▸ Information provided
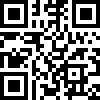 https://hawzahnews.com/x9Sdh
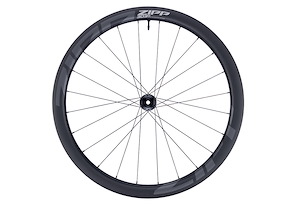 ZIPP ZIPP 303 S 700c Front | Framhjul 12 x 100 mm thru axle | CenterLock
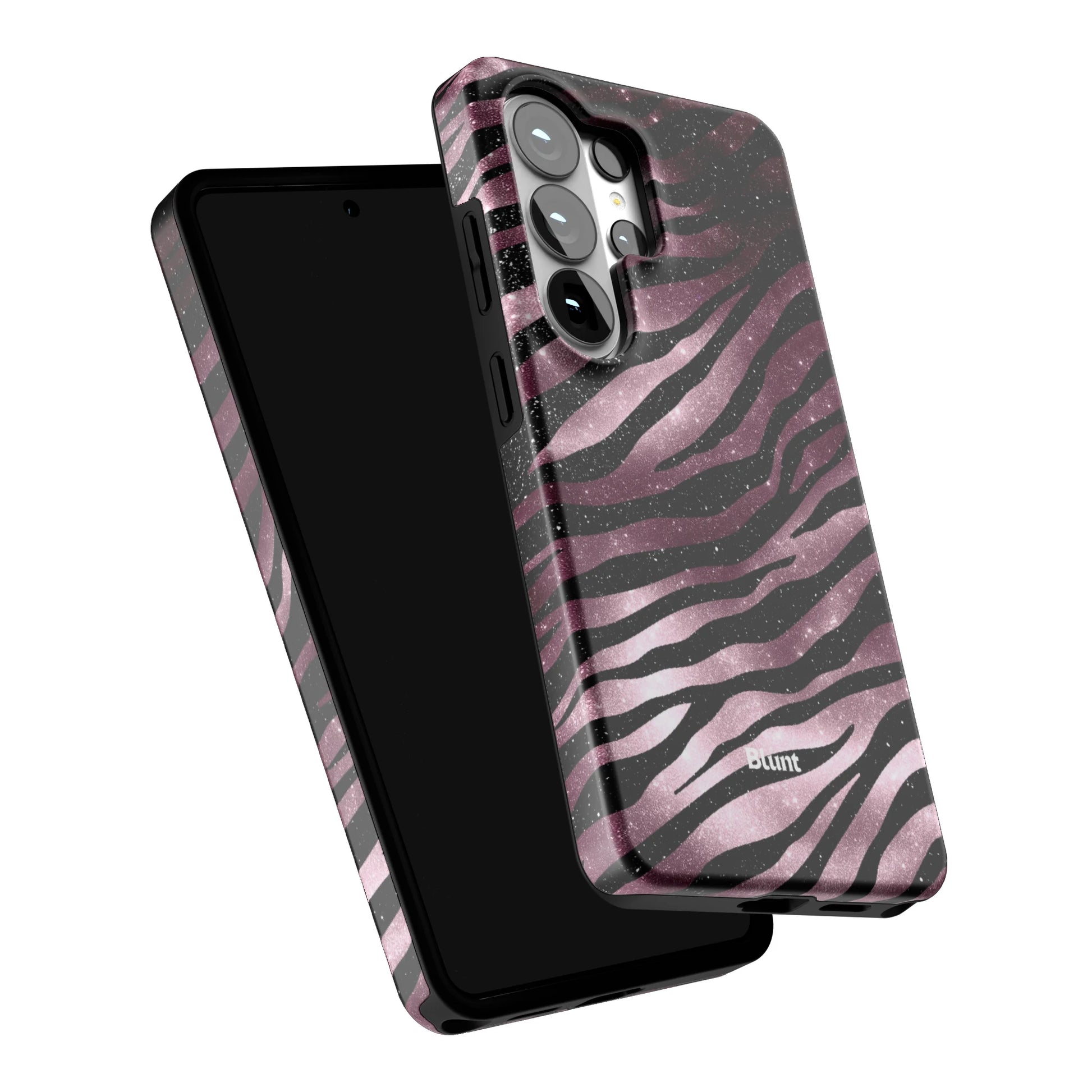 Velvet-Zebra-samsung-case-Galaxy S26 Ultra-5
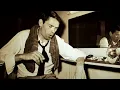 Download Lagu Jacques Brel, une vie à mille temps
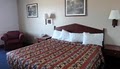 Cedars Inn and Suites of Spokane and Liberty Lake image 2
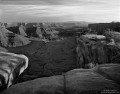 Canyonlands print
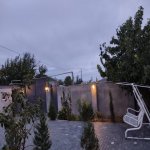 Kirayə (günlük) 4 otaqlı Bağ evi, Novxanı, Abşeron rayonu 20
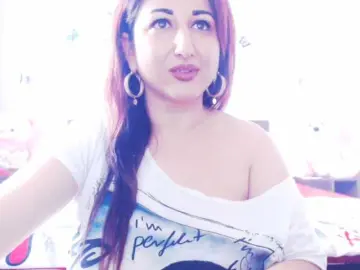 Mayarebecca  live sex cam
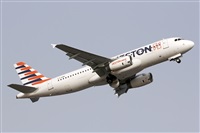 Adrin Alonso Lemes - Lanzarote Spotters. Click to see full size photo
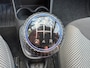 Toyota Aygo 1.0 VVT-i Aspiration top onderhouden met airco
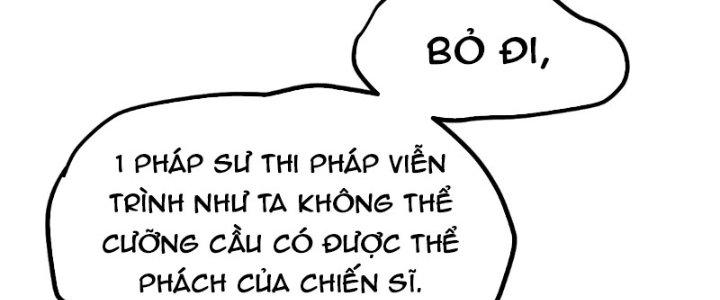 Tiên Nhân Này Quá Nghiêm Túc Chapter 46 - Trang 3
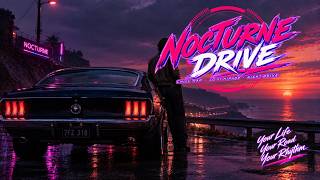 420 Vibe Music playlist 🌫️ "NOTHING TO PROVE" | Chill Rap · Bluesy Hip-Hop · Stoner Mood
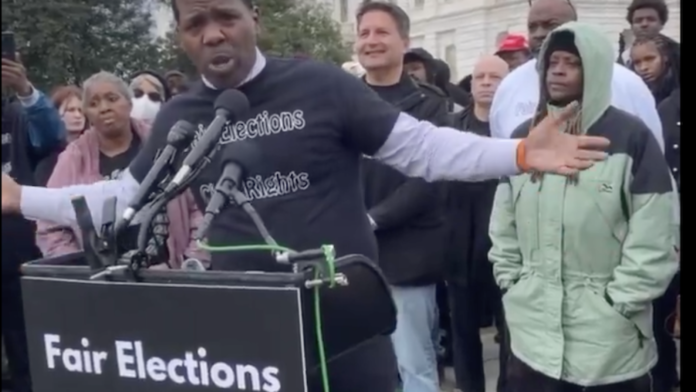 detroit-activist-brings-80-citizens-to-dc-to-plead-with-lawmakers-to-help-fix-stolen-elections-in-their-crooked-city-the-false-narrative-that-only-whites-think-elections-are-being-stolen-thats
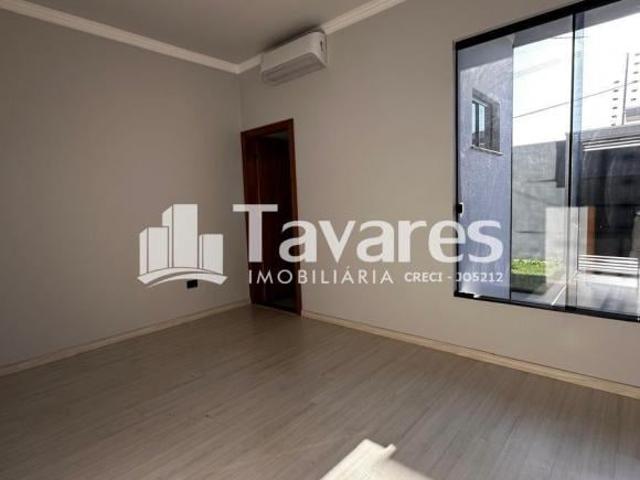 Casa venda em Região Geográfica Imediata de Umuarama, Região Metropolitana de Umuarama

▸ Work to be completed
Exact output of each line above is wanted, without the pictures.

▸ Task solution
 https://hawzahnews.com/x9Sdh
 ZIPP ZIPP 303 S 700c Front | Framhjul 12 x 100 mm thru axle | CenterLock
 Velvet-Zebra-samsung-case-Galaxy S26 Ultra-5
 Download Lagu Jacques Brel, une vie à mille temps
 Cedars Inn and Suites of Spokane and Liberty Lake image 2
 Canyonlands print
 Kirayə (günlük) 4 otaqlı Bağ evi, Novxanı, Abşeron rayonu 20
 Mayarebecca  live sex cam
 Adrin Alonso Lemes - Lanzarote Spotters. Click to see full size photo
 Toyota Aygo 1.0 VVT-i Aspiration top onderhouden met airco
 Tiên Nhân Này Quá Nghiêm Túc Chapter 46 - Trang 3
 420 Vibe Music playlist 🌫️ "NOTHING TO PROVE" | Chill Rap · Bluesy Hip-Hop · Stoner Mood
 detroit-activist-brings-80-citizens-to-dc-to-plead-with-lawmakers-to-help-fix-stolen-elections-in-their-crooked-city-the-false-narrative-that-only-whites-think-elections-are-being-stolen-thats
 Casa venda em Região Geográfica Imediata de Umuarama, Região Metropolitana de Umuarama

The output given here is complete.